Sure, Pyongyang is a pain. Worse, though, from Beijing’s point of view, is Korea going the way of Germany after the fall of the Berlin Wall, with pro-Western unification following a collapse on the communist side. China is the natural hegemon in East Asia. Having a virulently anti-Western, anti-Japanese and anti-South Korean sore in the region keeps China’s competitors preoccupied and in check. Beijing has leverage over Pyongyang at the moment, but if the Kim dynasty falls, Pyongyang may not be the capital of anything any longer.
The Chinese likewise don’t want a substantial portion of North Korea’s 25 million people surging over the border if the regime collapses and isn’t replaced at once by something stable.

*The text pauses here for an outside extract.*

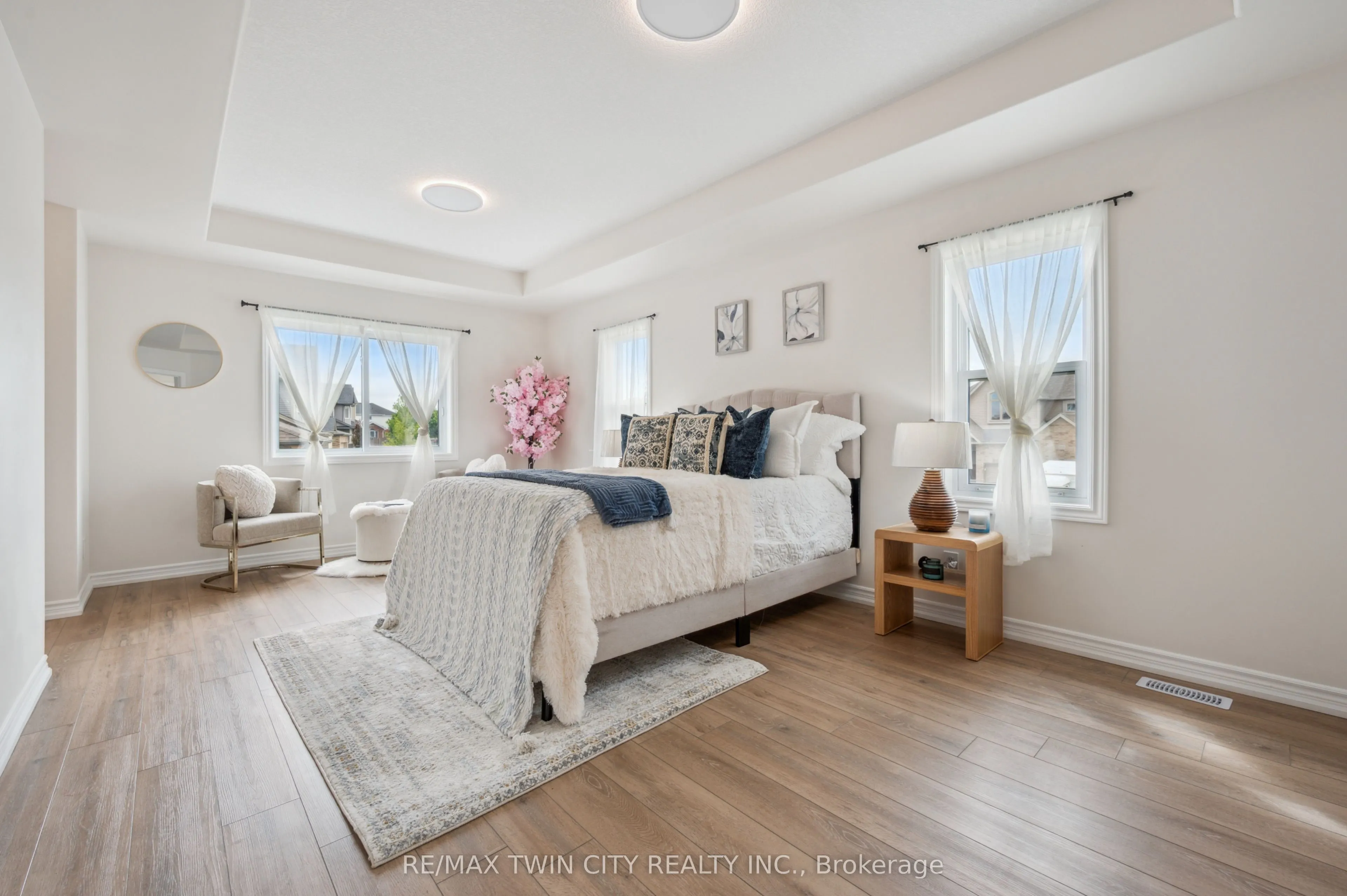 450 Applegate Court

And let’s not kid ourselves. A post-communist North Korea would barely resemble post-communist East Germany. Compared to North Korea, East Germany circa 1989 was practically Switzerland. Even post-Saddam Iraq and post-Qaddafi Libya were more advanced than North Korea is now.
And the Chinese government doesn’t give a flying fork about human rights abuses there or anywhere else. Its own human rights record is plenty dismal enough. The only reason Otto Warmbier’s death even registers is because it’s prompting the United States to ratchet up pressure on China to ratchet up its own pressure on North Korea.

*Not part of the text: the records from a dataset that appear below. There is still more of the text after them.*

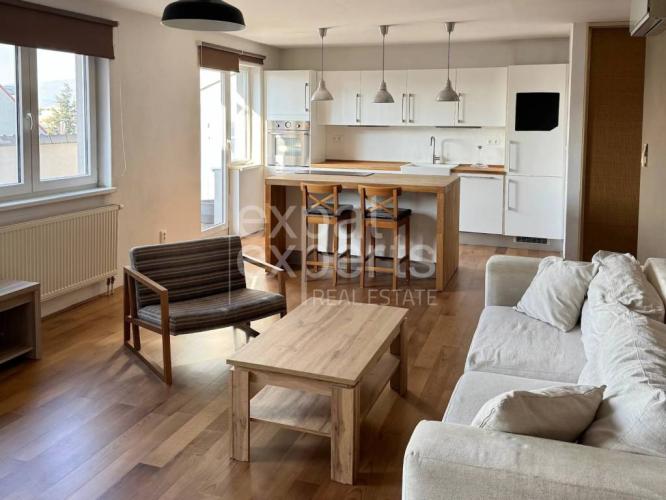 Reality Krásny, priestranný 2i byt 69 m2, s dvoma terasami, parkovanie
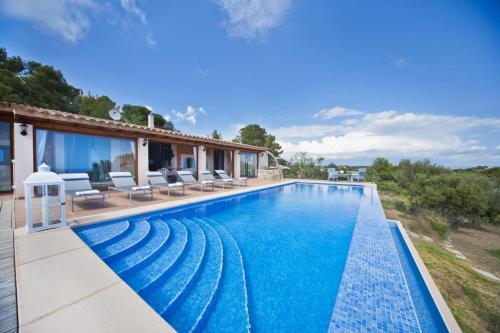 Ofertas en San Agustin des Vedra Villa Sleeps 8 with Pool Air Con and WiFi (Villa), Palma de Mallorca (España)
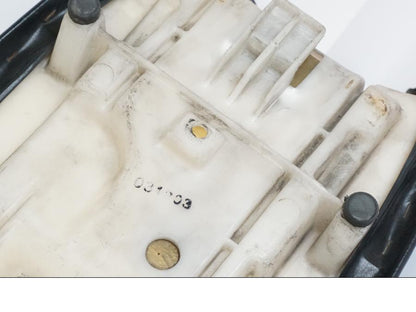 Snett nerifrån på Sadel från en Kawasaki ZZR 1100 -1992 motorcykel.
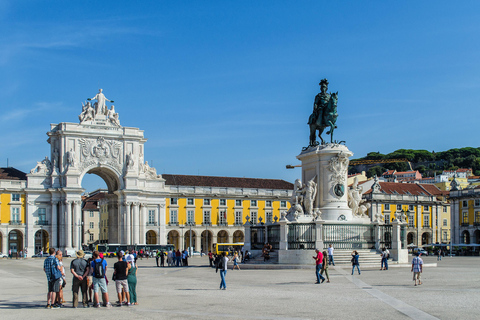 Lisbon's historic old town in a tuk-tuk in German Lissabon Historische Altstadt im Tuktuk auf Deutsch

Last month, my colleague Gordon Chang showed that Beijing is still protecting its client from the United States and the rest of the world. In late May, Chinese fighter jets intercepted an American WC-135 plane in international airspace “sniffing” for radiation following a possible North Korean nuclear test. “The incident,” he wrote here at World Affairs, “is totally in keeping with China’s long history of insincerity characterized by empty, false, feigned, and betrayed promises to rein in the Kim regime.”
He also argues that the Chinese government’s deportation of asylum-seeking North Korean refugees as “economic migrants” violates the UN’s 1951 Refugee Convention which it has agreed to. These people aren’t economic migrants, nor would they put the least bit of strain on China’s economy. They want the Chinese to deport them—to South Korea rather than back to the North where they will be imprisoned or executed.

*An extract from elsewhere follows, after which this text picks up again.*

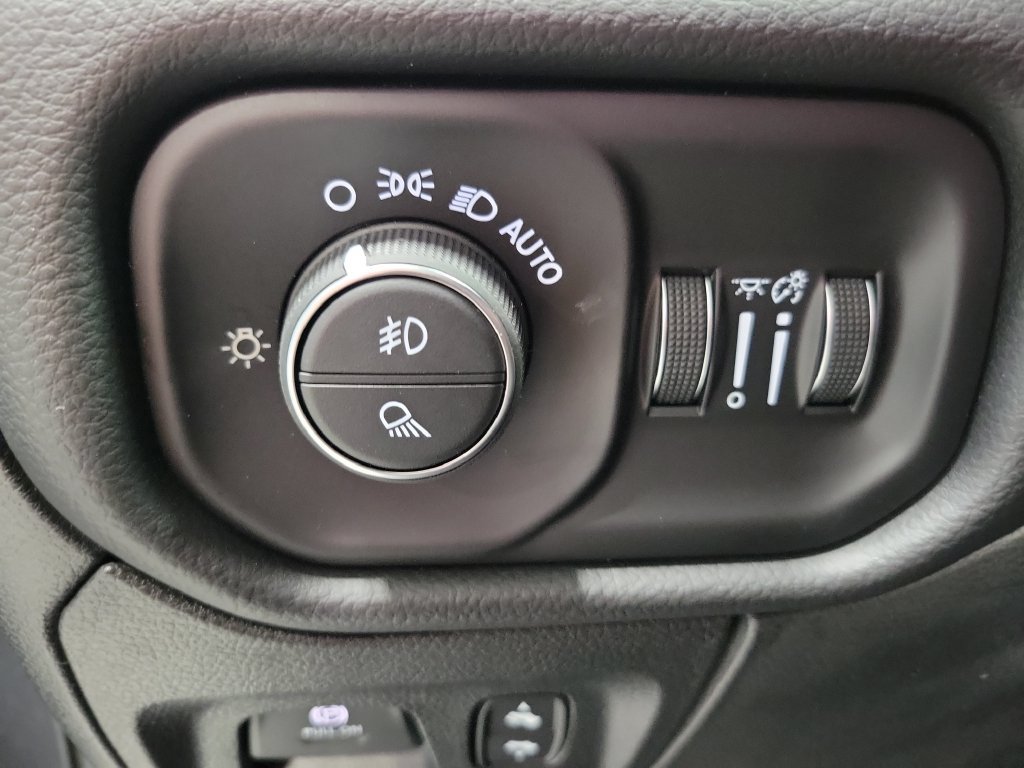 New 2026 RAM 1500 Big Horn AWD/4WD image 24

Why won’t Beijing ship them to Seoul? Simple. China’s rulers want North Korea’s would-be refugees to stay right where they are. A critical mass of them could pose an existential threat to their client. Both governments understand this perfectly well. After all, on the rare occasions when Beijing is sufficiently disgruntled with Pyongyang, it does allow refugees to pass through its territory to Seoul.
While China is potentially part of the solution, it’s still part of the problem. Short of extraordinary American pressure, that’s not going to change.